Arthur Schopenhauer : Mitleid und Mitgefühl

Mitleid – ein aktuelles Wort? Ein Freund, studierter Germanist,  sagte mir, als wir über Arthur Schopenhauers Mitleidsethik sprachen, das Wort Mitleid sei nicht mehr „in“.  Es wäre wohl daher besser, wenn ich es z. B. durch das Wort Mitgefühl ersetzen würde.  Abgesehen davon, dass Schopenhauer gerade das Wort Mitleid verwendete und dieses in den Mittelpunkt seiner Ethik stellte, halte ich das Wort Mitgefühl nicht für gleichbedeutend. So kann sich Mitgefühl nicht nur als Mitleid, sondern auch als Mitfreude äußern.

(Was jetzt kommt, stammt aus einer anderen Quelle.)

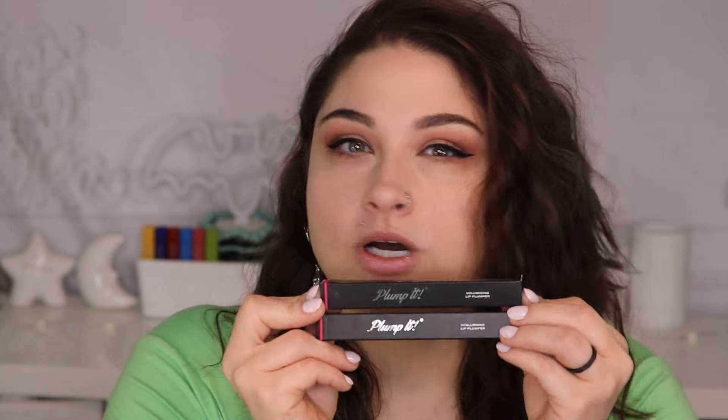Now, if you guys have seen this on TikTok — I've seen it on Facebook a couple times too, maybe Instagram — this stuff is supposed to be the number one plumper when it comes to how much your lips multiply in size. I have the two; it comes in a set. This is by the brand Plump It. I have their Volumizing Lip Plumper and their Hyaluronic Lip Plumper.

Mitleid bezieht sich eindeutiger als Mitgefühl auf das Leid, dem Menschen, Tiere und wahrscheinlich auch Pflanzen unterworfen sind. Schopenhauers Philosophie ist in ihrem Kern eine dem Buddhismus nahe stehende Erlösungslehre. Diese setzt voraus, dass die Welt als leidvoll erkannt wird. Daher ist z. B. die erste der vier Edlen Wahrheiten des Buddha,  die Wahrheit vom Leid. Hierbei ist der Zusammenhang zwischen Leid und Mitleid unmittelbar aus diesen Worten selbst erkennbar.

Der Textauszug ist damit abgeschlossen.